Scottsdale recently established a working group to “examine existing laws and tools available to the city of Scottsdale regarding short-term rentals.”
Basically, since the state legislature didn’t address any of the problems with STRs this past session, towns and cities are now working on solutions of their own. Their efforts are certainly welcome.
May 5 was the second meeting for the working group and it was open for public comment on STRs. This is definitely a “hot button” issue since comments ran to 130 pages. Here is a link so you can see the comments yourself and get a sense of where people stand: https://www.scottsdaleaz.gov/assets/asset85170.aspx
There were a few duplications, but my count is: seven “pro STR” comments (including five from owner/operators), four are “neutral” and 44 are “against STRs”.
It really breaks down to five operators who think STRs are great because they can make big money running them, and almost everyone else (80%) with stories of nuisance, nightmares and disruption to their home, family and neighborhood from STRs.
Read the room — unless you are one of the few investors cashing in, people hate having STRs in the neighborhood. There is an obscene imbalance between who profits and who pays the price.
One comment from an owner/operator was that “violations rarely occur at STRs,” happening only 0.1% of the time. This implies things are just peachy keen with STRs, nothing to see here.
But too few violations is exactly the problem. State laws have severely hobbled and handicapped what local jurisdictions can do in terms of enforcement.
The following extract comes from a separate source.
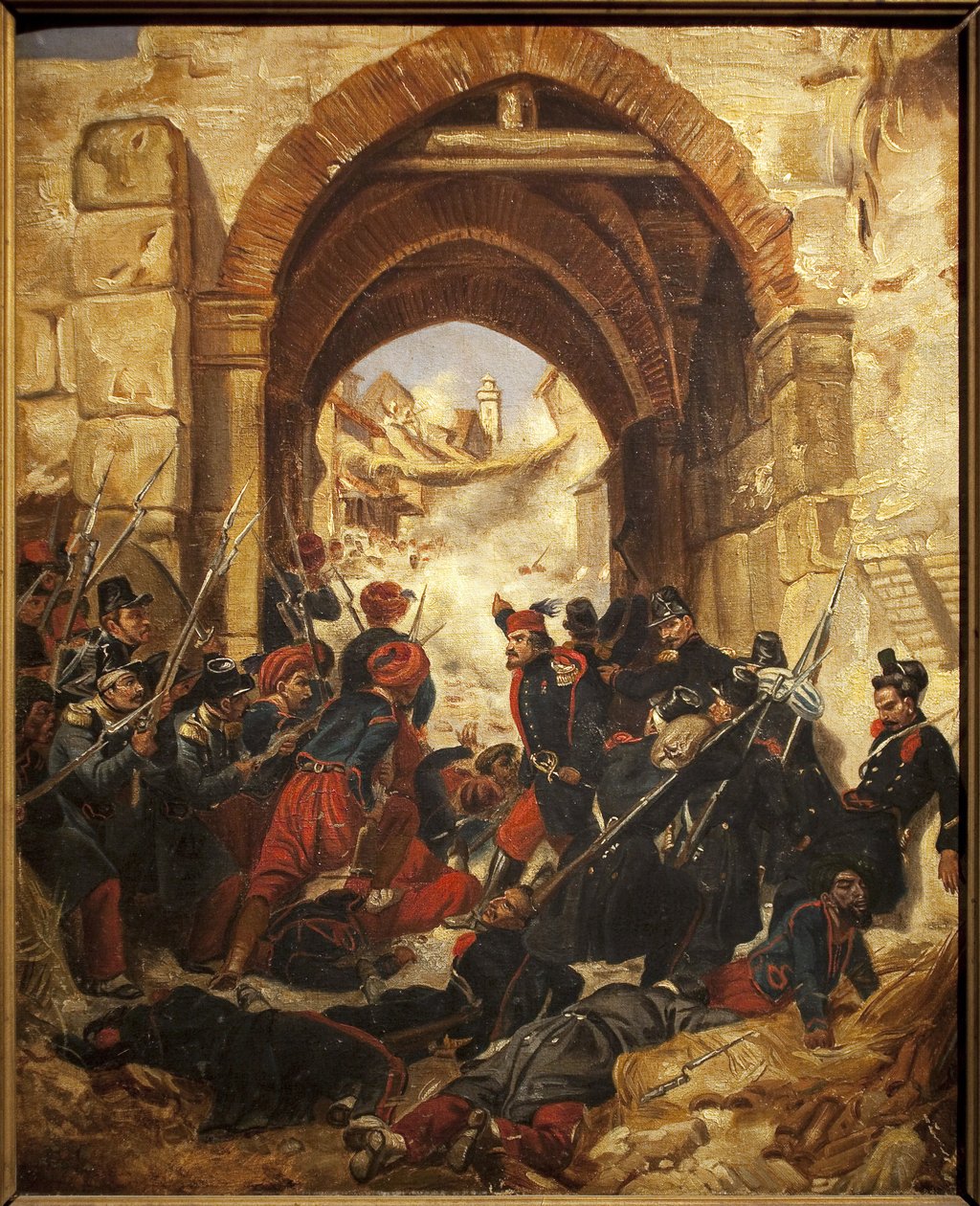 拍摄阿尔及利亚卡斯巴 (kasbah) - 休斯·马丁 (Hugues Martin) 绘画（1809-？），布面油画，40,5 x 33 厘米 - 梅肯美术博物馆 作者 休斯·马丁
State law still prohibits towns and cities from regulating STRs, preventing enforcement and encouraging the chaos to fester.
State law still requires regulations for actual homeowners to be exactly the same as for short-term transients. This defies common sense since people obviously behave differently on a vacation than they do at home.
It also prevents easy, common sense solutions that would allow stronger enforcement for noise, parking and particularly the overcrowding problems at STRs.
Almost 80% of STRs are unregistered in Scottsdale so reported violations are grossly understated. (However, recent numbers from the working group show STRs that are actually registered cause violations at 200 times the rate of actual residents.)
The “verified violation” process is intentionally cumbersome for enforcement. And the sudden intrusion of thousands of unstaffed STRs has created a huge new unfunded enforcement burden on the city.
Looking at the public comments on STRs shows more and stronger enforcement is clearly needed to address the blight of STRs. The state should take the handcuffs off and reinstate local zoning so communities could regulate STRs according to their own needs and standards. Recognize STRs need to be regulated differently than homeowners.
Allow fines to reach meaningful amounts. End STRs freeloading on city services by taxing them accordingly. And by all means follow the Scottsdale working group’s efforts and let your elected representatives at the state and local levels know how you feel about STRs.
Editor’s Note: Mr. Hunter, a Paradise Valley resident, lives between two short-term rentals and hasn’t had a good night’s sleep in over a year.